━━━━━ MATERIAL PROVIDED

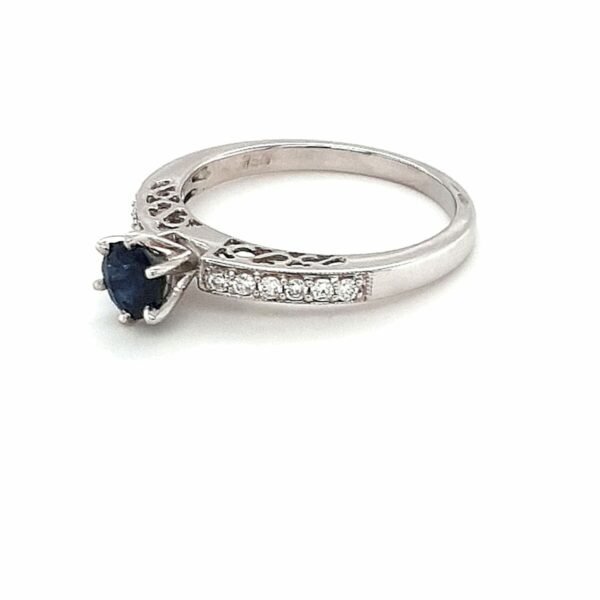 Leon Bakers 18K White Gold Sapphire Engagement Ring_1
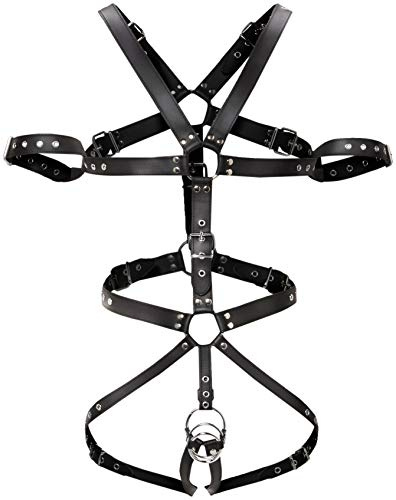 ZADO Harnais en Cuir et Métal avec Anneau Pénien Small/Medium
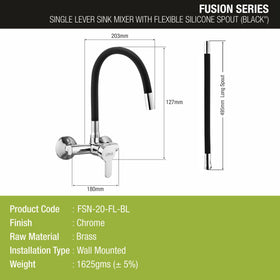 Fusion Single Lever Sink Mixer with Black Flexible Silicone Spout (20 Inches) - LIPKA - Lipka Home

━━━━━━━━━━
━━━━━ MATERIAL PROVIDED

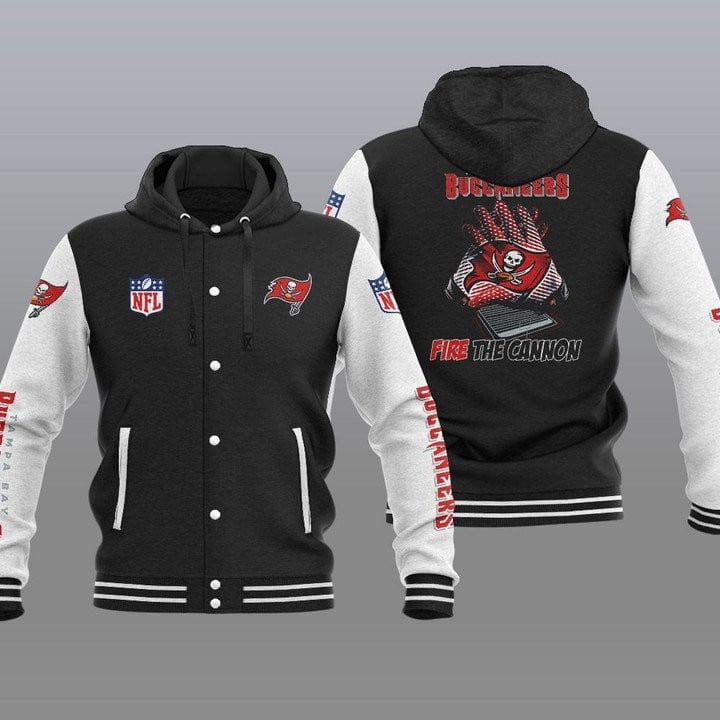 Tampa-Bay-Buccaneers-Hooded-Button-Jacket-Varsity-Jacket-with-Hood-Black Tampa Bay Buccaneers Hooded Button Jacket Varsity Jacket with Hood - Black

━━━━━━━━━━

WORK TASK – In the listing above, find the line containing "Leon Bakers 18K" and the line containing "Fusion Single Lever", then output those two lines and everything between them exactly as written, without the images.

RESPONSE BOX –
 Leon Bakers 18K White Gold Sapphire Engagement Ring_1
 ZADO Harnais en Cuir et Métal avec Anneau Pénien Small/Medium
 Fusion Single Lever Sink Mixer with Black Flexible Silicone Spout (20 Inches) - LIPKA - Lipka Home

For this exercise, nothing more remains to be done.